Supplied entries:

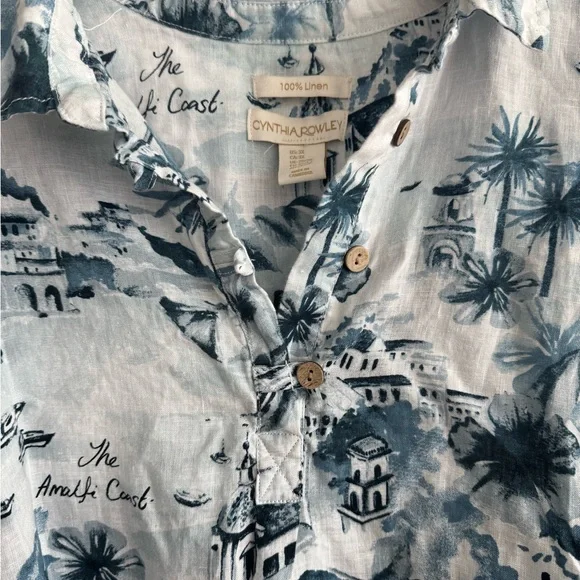 Cynthia Rowley Coastal Scene Button Down Shirt - Picture 2 of 6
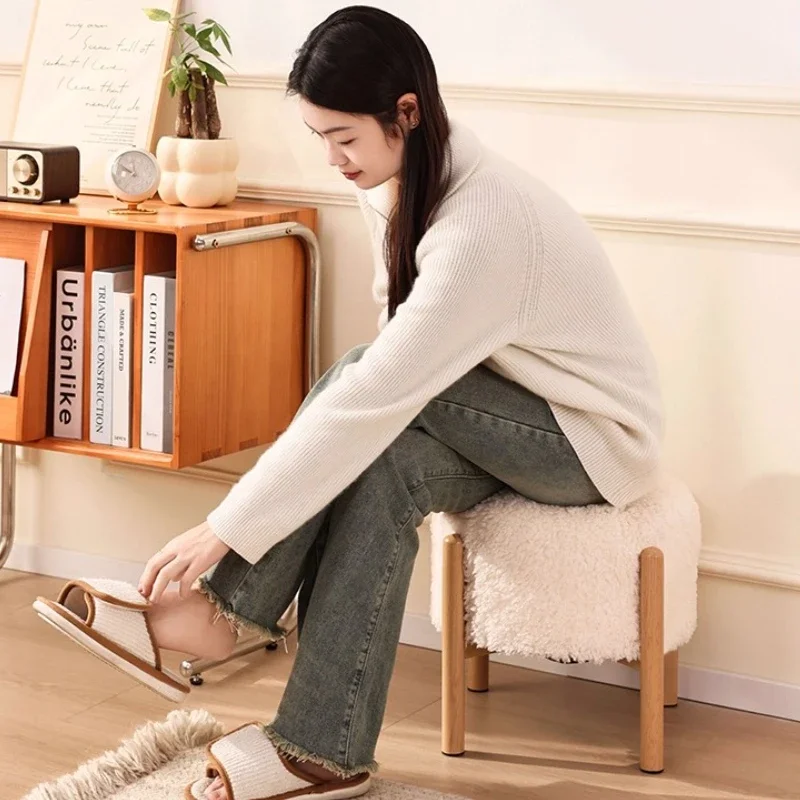 Ottomans Modern Luxury Living Room Furniture Cream Style Makeup Stool Girls Bedroom Dresser Chairs Vanity Chair Footrest Stools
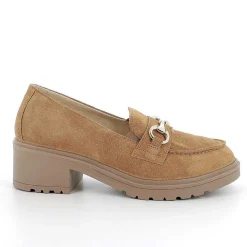 Woman Igi&Co Heeled Shoes-Women'S Leather Heeled Loafers Tan
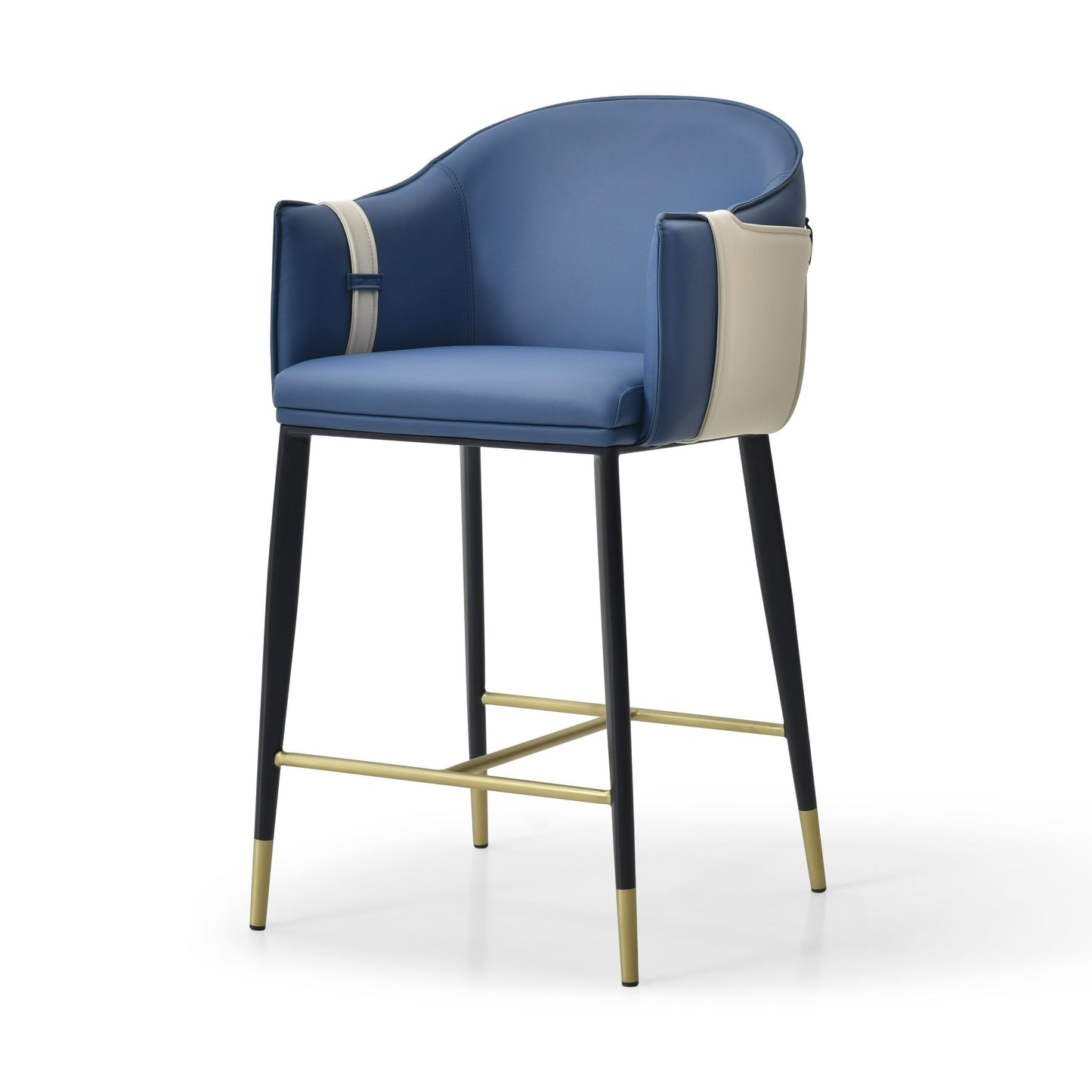 Shop Modrest Calder Modern Vegan Leather Counter Chair - Stylish Blue & Beige Design for Contemporary Kitchens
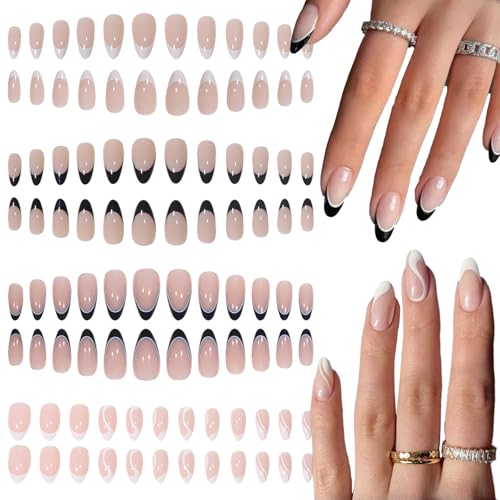 HTTDSLF 96 Piezas Uñas Postizas, French Tipp Press on Nails, Puntas de Uñas Reutilizables con Forma de Almendra, Almendra Fake Nails, para Mujeres y Niñas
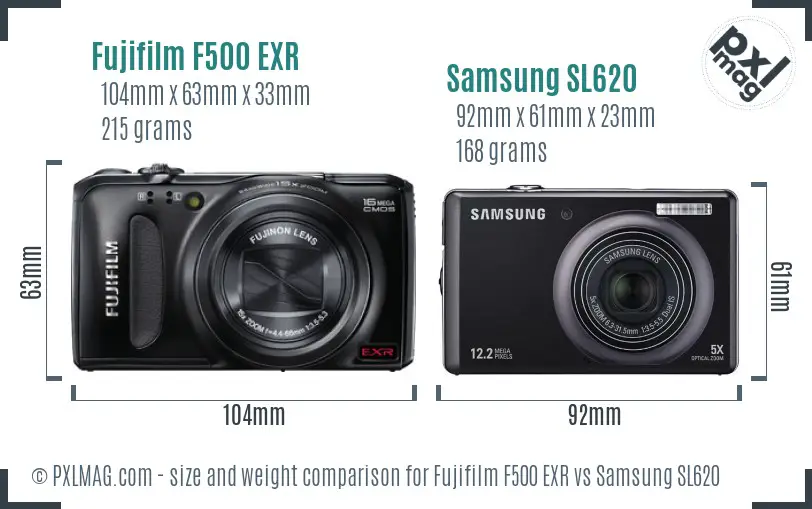 Fujifilm F500 EXR vs Samsung SL620 size comparison Fujifilm F500 EXR vs Samsung SL620 size comparison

Task: Your answer must be exactly the lines from the one with "Woman Igi&Co Heeled" through the final line of the data, with no pictures in it.

Task answer:
 Woman Igi&Co Heeled Shoes-Women'S Leather Heeled Loafers Tan
 Shop Modrest Calder Modern Vegan Leather Counter Chair - Stylish Blue & Beige Design for Contemporary Kitchens
 HTTDSLF 96 Piezas Uñas Postizas, French Tipp Press on Nails, Puntas de Uñas Reutilizables con Forma de Almendra, Almendra Fake Nails, para Mujeres y Niñas
 Fujifilm F500 EXR vs Samsung SL620 size comparison Fujifilm F500 EXR vs Samsung SL620 size comparison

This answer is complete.